I became more aware of the triggers for my poor behaviour and tried to lessen or avoid them. I also became more aware of what my mind and my body needed, which is quite different from trying to stay numb so that I didn’t have to listen. This growing awareness started to snowball and the changes became material. Swaps became more frequent:
- Move or sleep instead of eating junk or drinking too much.
- Walk or bike instead of driving.
- Play or train instead of shopping.
- Talk with and relate to others instead of watching TV.
- Create or educate myself instead of shopping.
- Enjoy what I have instead of accumulating more.
When I do go for the sugar, the TV, the extra glass, it’s the exception and not the rule anymore. These activities aren't a salve anymore. They’re like the sprinkles on top. They’re a treat that enhances fun as opposed to a necessity that makes it all bearable.
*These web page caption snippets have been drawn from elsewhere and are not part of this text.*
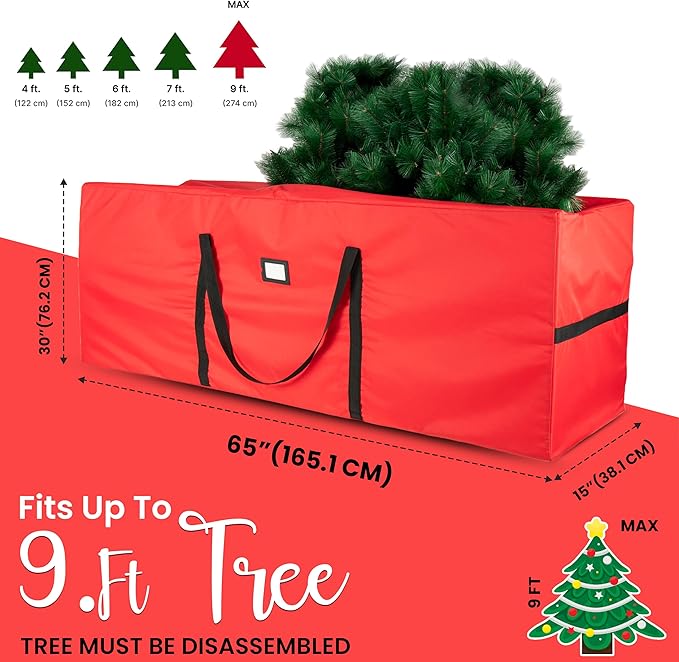 QUENTRO Heavy Duty Christmas Tree Storage Bag - Fits Up to 9ft Tall - Waterproof 600D Polyester Xmas Tree Bag with Reinforced Handles & Secure Zipper – Foldable Durable Holiday Storage Solution (Red)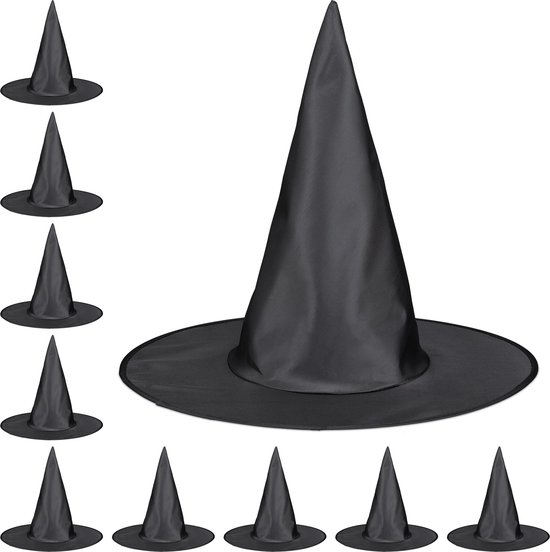 Relaxdays 10 x heksenhoed zwart - tovenaarshoed - feesthoed - punthoed -  halloween | bol.com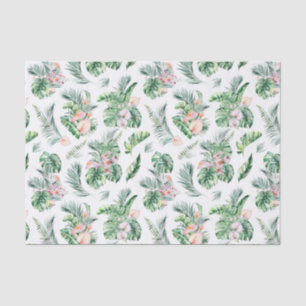 Tropische Blätter und Blumen Botanisch Seidenpapier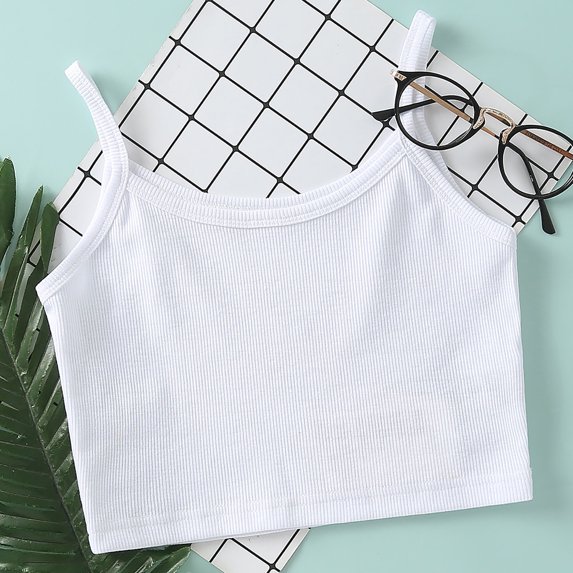 LoyisViDion Womans Shirts Clearance Women Ladies Solid Sleeveless Tops Pullover Vest Tank Crop Tops Shirts White 6(M)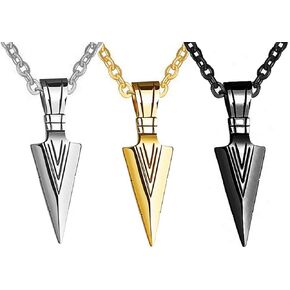 3PCS Arrow Necklace for Men Stainless Steel Spearpoint Arrowhead Pendant Necklace Punk Style Gold Silver Black Arrowhead Necklace Punk Rock Biker Jewelry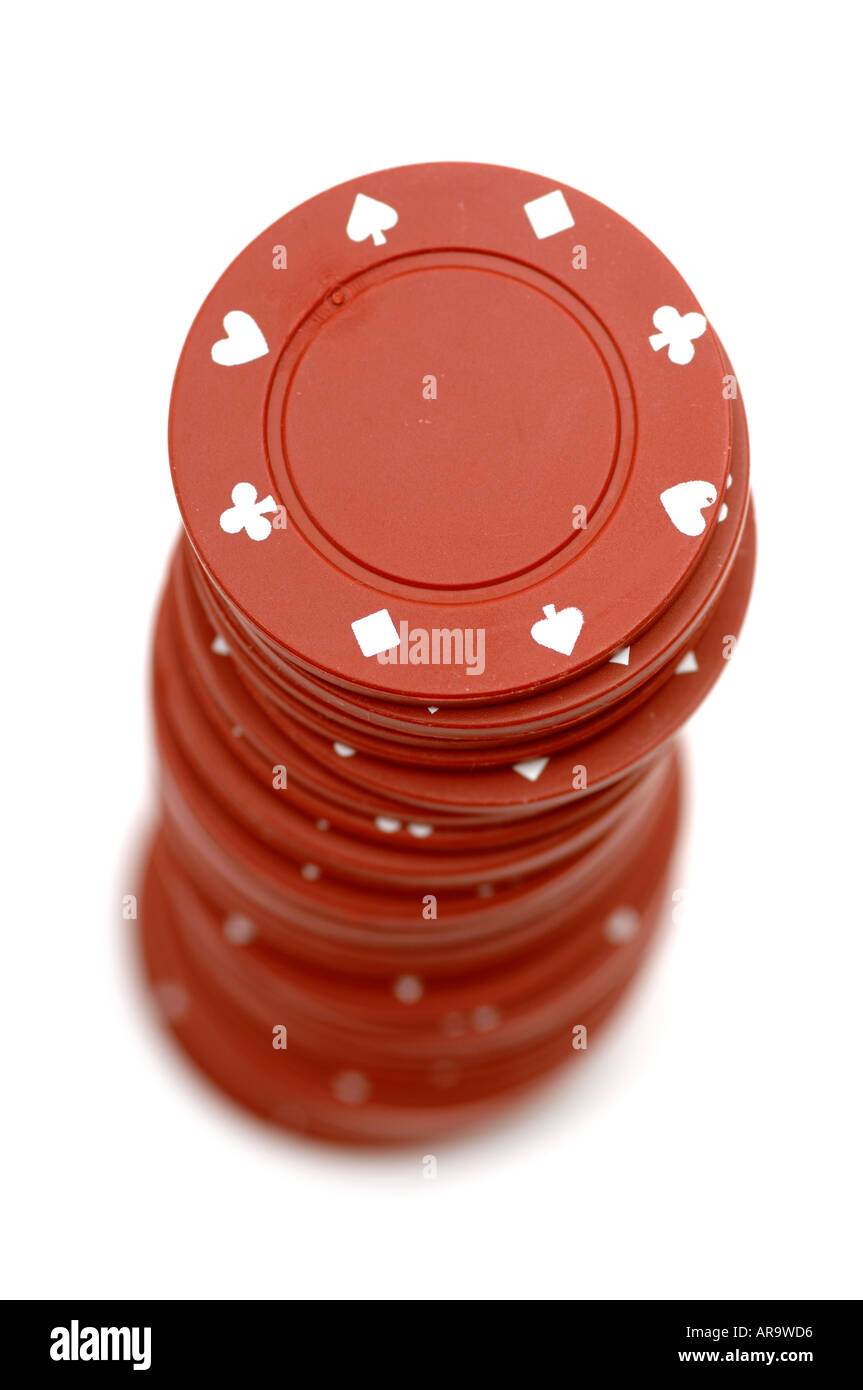 Pila di red poker chips Foto Stock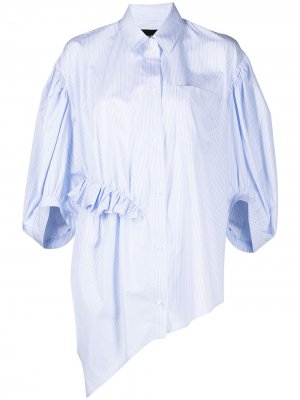 Полосатая рубашка с оборками Simone Rocha. Цвет: синий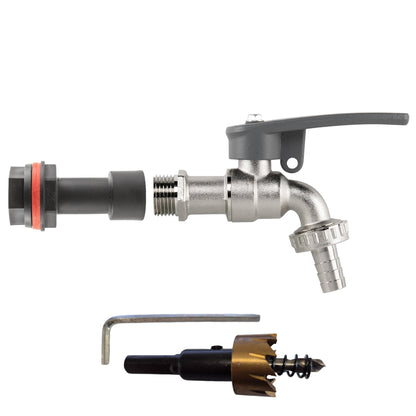 Water Butt Extension Kit 1/2" with Lever Tap Hose Barb and Side Lock and Drill Bit - Best4Trade-Retail Garden watering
I don’t have the perfect recipe—aren’t we all just a work in progress after all? What I do know is that reducing and removing my unfulfilling coping mechanisms made me able to start listening to what my gut was telling me about how I feel about my life, about how I live my days. It helped me turn up the volume on my inner voice—my gut—and lower the volume on external cues, pressures and expectations.
I just hope I keep listening and learning what helps me live a better life, not escape it.